On Fri, May 26, 2006 at 10:40:26AM -0500, Jeremy Nelson wrote:
> On Fri, May 26, 2006 at 10:34:47AM -0400, Brian Bruns wrote:
> > On Friday, May 26, 2006 10:14 AM [EST], Jeremy Nelson wrote:
> > 
> > > and what support for utf-8 would mean for epic5?  I understand all of
> > > the principles, but what I don't understand is what things are broken
> > > in epic5 because of the lack of support, and then what things are at
> > > my disposal to "fix" these broken things.
> > >
> > > I get a lot of requests to support utf-8, but nobody seems to know
> > > what is required, and neither do I.  So this call for assistance.
> > 
> > UTF-8 display should be supported by making sure the right LANG and TERM 
> > are set.  Input is another issue.  EPIC uses ncurses right?
> 
> No -- epic does everything right off the pty using open() and read() and 
> select() and so forth.  You may ask about epic linking against ncurses,
> but that is because ncurses comes with a terminfo implementation which 
> epic prefers to termcap.
> 
> One of the things people have mentioned with utf8 support is column counting.
> It's apparantly no longer valid to assume every byte takes up a column:
> sometimes multiple bytes make up one column, and sometimes one byte takes
> up multiple columns.  How have others solved this?
> 
> Then there's issues like how should epic internally store strings, should
> we use utf16 (wchar_t) from c99?  And what if someone is not using a utf-8
> terminal emulator, how do i support those?

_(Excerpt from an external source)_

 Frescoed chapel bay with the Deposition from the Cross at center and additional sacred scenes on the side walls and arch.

I think internally you want to use wchar_t, which is not utf-16.
It's defined as an int for me, so 32 bit, but it's not even the
same as (some variant of) utf-32.  wchar_t is just some other
repressentation, which might even depend on the current locale.

There are c99 functions for most of the things you want to do.  
For instance wcwidth() will tell you how many columns it will
take.  Afaik, for all string functions is an equivalent wide
string function.  So, if you can covert things to a wide string
(wchar_t) it should be "easy" to do (basic) unicode support.

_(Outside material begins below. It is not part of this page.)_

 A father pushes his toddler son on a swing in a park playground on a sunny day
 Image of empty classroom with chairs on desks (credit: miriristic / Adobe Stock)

The only problem you have left is the conversion from one charset
to an other.  Posix defines iconv(), which allows you to convert
one charset to an other.  This should be available on most OSs
afaik.  There is a (LGPL) library (libiconv) that you can use if
your OS doesn't support it, and afaik, there are even some
alternatives to it.

Anyway, let's try to explain what all needs to happen.

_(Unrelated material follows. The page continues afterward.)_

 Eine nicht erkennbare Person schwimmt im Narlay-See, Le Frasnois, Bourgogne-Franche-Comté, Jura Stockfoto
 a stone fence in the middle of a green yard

You have the communication with the IRC server.  This should in
ideal circumstances always be in UTF-8.  But it would be nice if
you could fall back to not do it and use the current codeset (see
later).  If you try and decode UTF-8, and it works, it most
likely is UTF-8.  If it fails, you fall back.

Some users might also want the option to not send in UTF-8, but I
don't think we should keep supporting that.  Even mIRC now
supports UTF-8 and should be able to deal with it.

Then you have the communication with the terminal.  This should
happen in the current codeset.  It's determined by the LC_CTYPE
locale variable, and you can get it with nl_langinfo(CODESET).
It's also what the command "locale charmap" returns.

There are several ways to deal with it, one of them is using
iconv() to convert to the terminal codeset, and just dump that to
the screen.  But then you can't use the w* functions, which you
might want to use.  You can then use something as mbtowc(), to
convert it from the current codeset to wchar_t, and then use
the w* functions to do your thing, which will in turn do the
conversion from wchar_t to terminal codeset again.

It might look like converting it from the codeset to wchar_t and
wchar_t to the codeset looks like stupid work, but I think you
really would want to use those w* functions.

Anyway, if you have more questions, feel free to ask.